Les composants essentiels, comme les moteurs, les systèmes d’avionique et les trains d’atterrissage représentent 60 % des exportations canadiennes dans le secteur de l’aérospatiale, et la demande de pièces de fabrication canadienne ne cesse de croître. Au cours des 15 dernières années, la part du Canada sur le marché mondial des pièces destinées au secteur aérospatial a augmenté de près de 50 %.[5]

TENDANCES RÉGIONALES ET FAITS SAILLANTS

Chaque région géographique a ses propres exigences et présente un éventail de débouchés pour les exportateurs canadiens du secteur de l’aérospatiale. Dave Wheeler explique que les exportateurs canadiens devraient tenir compte de quelques régions où les activités aérospatiales sont intenses aujourd’hui :

Chine, Inde, Asie du Sud-Est : Ces régions affichent une croissance démographique avec une hausse du revenu disponible. Un transport aérien fiable est l’un des moteurs du développement économique, un facteur de lien social et un atout qui rend un pays attractif en tant que destination touristique.

Caraïbes : Même si la demande de flottes entières y est moindre, les compagnies aériennes régionales des Caraïbes cherchent à assurer la révision de leur stock actuel d’appareils pour satisfaire à la demande de vols courts courriers et de transport aérien, créant des débouchés en matière de ventes de pièces et de services d’ERR.

Afrique et Amérique du Sud : Les pays de ces régions affichent un profil semblable à ceux des Caraïbes, avec des exigences en matière de révision, non seulement pour les flottes commerciales, mais également pour les flottes militaires destinées à protéger leur souveraineté.

Corinne Petrisor, déléguée commerciale principale auprès du Bangladesh, souligne que les entreprises canadiennes du secteur de l’aérospatiale devraient absolument se pencher sur ces marchés.

« Le Canada et les aéronefs canadiens jouissent déjà d’un solide avantage stratégique en termes de réputation et de normes de qualité », explique-t-elle. « Acheter des produits canadiens offre également l’avantage unique de l’approche de passation de marchés entre gouvernements de la CCC, une approche qui est souvent privilégiée tant par le secteur privé que par le secteur public. »

Dave Wheeler indique que c’est pour cette raison que la CCC représente un excellent outil pour les exportateurs canadiens.

« Notre approche de passation de marchés entre gouvernements répond aux exigences des gouvernements étrangers en matière de maîtrise des coûts, de fiabilité de la source d’approvisionnement et de transparence des transactions. C’est un excellent moyen pour ouvrir la porte à l’innovation et à l’expertise considérables que le Canada a à offrir dans le secteur de l’aérospatiale. »

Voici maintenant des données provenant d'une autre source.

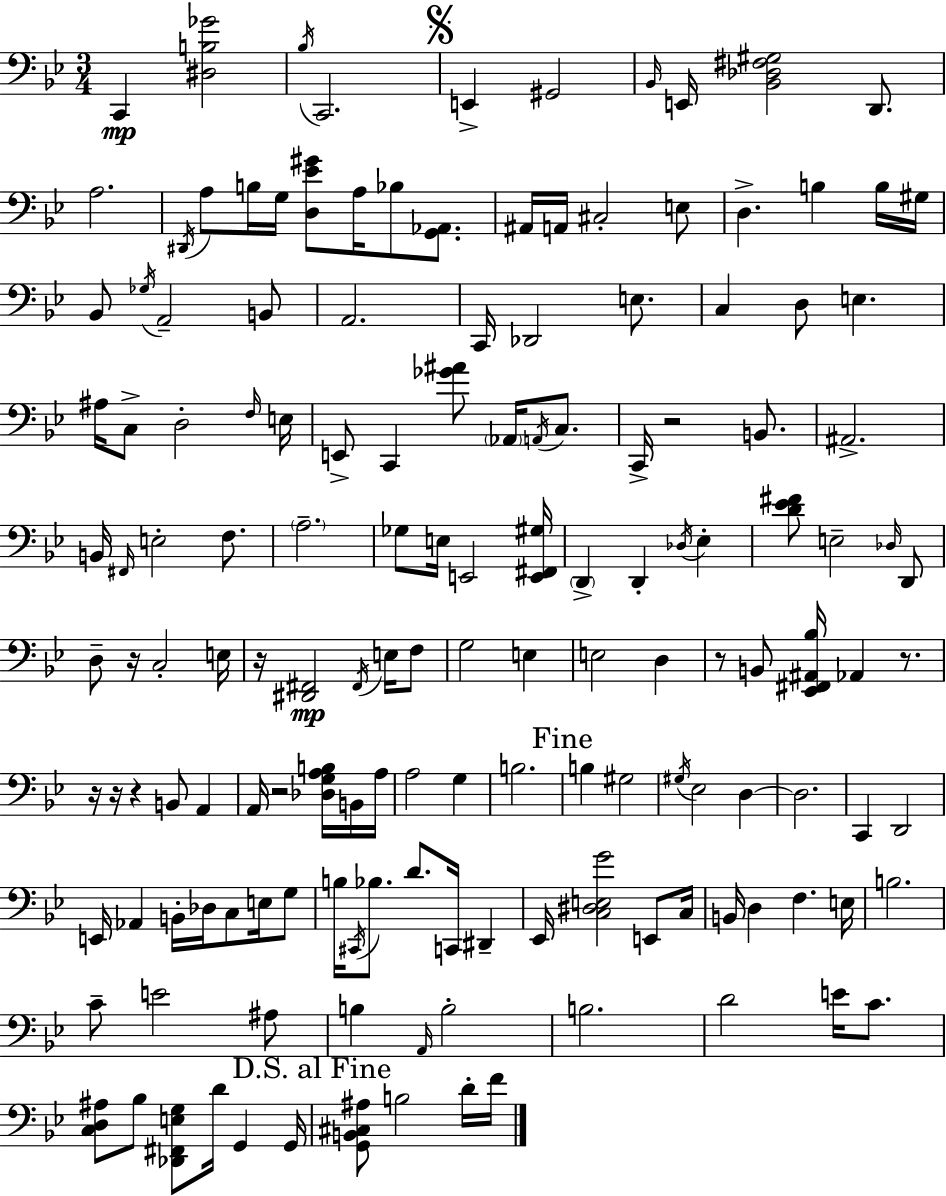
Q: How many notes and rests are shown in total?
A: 151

[1] Association des industries aérospatiales du Canada. Guide de l’industrie aérospatiale canadienne de l’AIAC, 2018.
[2] Deloitte. 2018 Global aerospace and defense industry financial performance study, 2018.
[3] Deloitte. 2018 Global aerospace and defense industry financial performance study, 2018.
[4] Gouvernement du Canada. État de l’industrie aérospatiale canadienne 2018, 2018.
[5] Association des industries aérospatiales du Canada. Guide de l’industrie aérospatiale canadienne de l’AIAC, 2018.